Big data has suddenly made data fashionable throughout
business, and yesterday’s mundane data reporting projects have jumped to the
head of the pack overnight with new promises of competitive advantage in the
market, and innovative ways to save money and streamline business processes.

Understandably, every functional area in the company wants its
big data project, too – whether it is marketing trying to determine where customer
sentiment is, finance trying to discover new ways to assess risk, customer
service and fulfillment trying to streamline product delivery, or even manufacturing
engineering trying to develop new methods to manufacture products.

Meet the team

This company-wide enthusiasm is forcing data administrators to
build out many different big data “data marts” for functional areas throughout
the company – but regardless of how many data marts and big data initiatives
companies have, most still find that they can only afford “one” data
science team.

A data science team requires three key areas of expertise:

  • A business analyst who can
    work well with end users and quickly grasp the salient business issues that
    big data must deliver to the business, as well as how to ask for this
    data;
  • A data scientist who is
    skilled in big data programming languages, and who also has statistical analysis
    skills that can be used in the development of big data queries that can
    bring meaningful insights; and
  • An IT person who is able
    to interact on technical matters with the DBA or data architect in IT, and
    who can also manage big data compute resources that are likely centralized
    in the data center, ensuring that these resources are fully optimized, and
    also that jobs are properly scheduled, completed, and delivered.

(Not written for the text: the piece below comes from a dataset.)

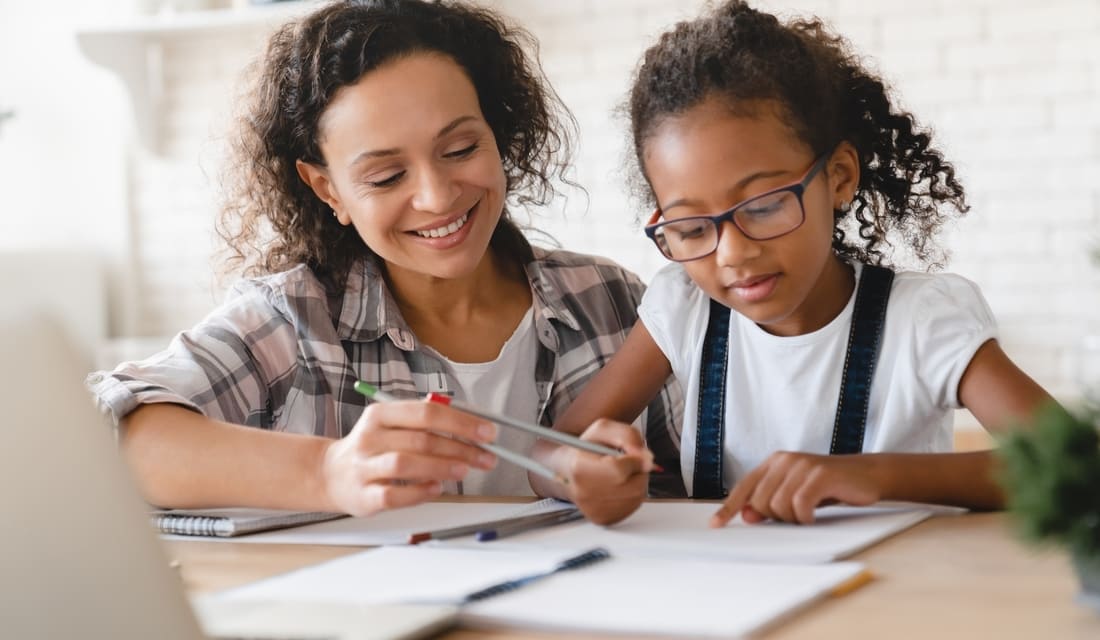 A woman and a child collaborate on a project, focused on their work together at a table.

Where should this data science team report?

Faced with a hybrid function that blends business and IT
skills, this is an organizational question that many companies are facing now.

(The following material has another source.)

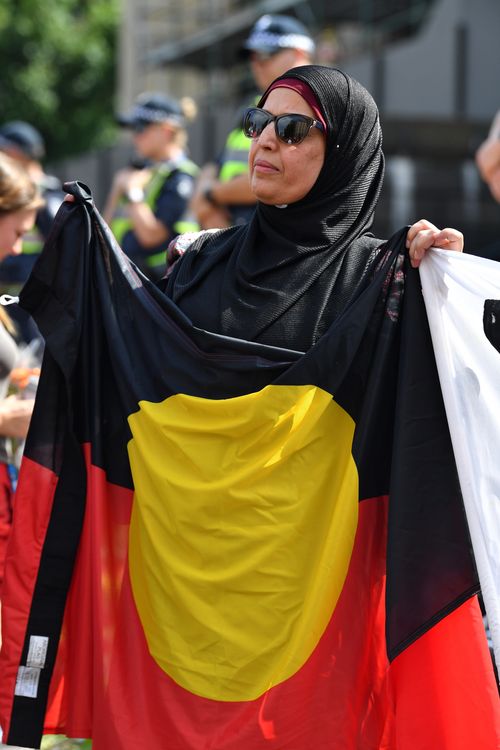 People attending the rallies, which are being held in cities around the country, wore traditional face paint and held up the Indigenous flag (AAP).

Some companies opt to position the data science team where
it reports directly into end business functions, while others choose to establish
a direct reporting line to IT. Still other organizations use a primary
reporting line to IT, with dotted line reporting relationships going out to the
business units.

Is there a best method?

Methods never universally fit organizations, but there is
empirical knowledge from IT and business relationships from the past that can
be applied.

What we know

Dotted line reporting relationships, while they might look good
on org charts, seldom work. In the end, the employee is going to work at pleasing
the individual whom he directly reports to, because that individual controls
salary increases and promotions.

Joint reporting relationships don’t work well, either.
Often, mixed messages and priorities confound employees, and this quickly
becomes counter-productive.

IT has repeatedly demonstrated that it doesn’t have great sense
for the business, or what the business needs to know in order to compete. One reason
is that IT personnel tend to be evaluated (and rewarded) to perform in highly
technical skills areas. For most, there’s very little time left to learn the
business.

A majority of end business units have repeatedly
demonstrated poor project management skills and a poor grasp of technology. Both
are exactly what the data science team requires if it is to produce at a high level.

So what to do?

One school of thought is to have the data science team
report into IT, which in most cases already has command of big data technology
in the data center – and a staff that at least two-thirds of the data science
team (the data scientist and the IT person) are heavily engaged with on a daily
basis.

The data science team’s business analyst would also report
into IT, but this analyst would be tasked with coordinating with business
function “point persons” throughout the company.

The IT department would be responsible for putting together
a set of SLAs (service level agreements) with its various business unit “clients”
that establish metrics for performance, and business clients would have ultimate
“say” as to whether IT was getting the job done.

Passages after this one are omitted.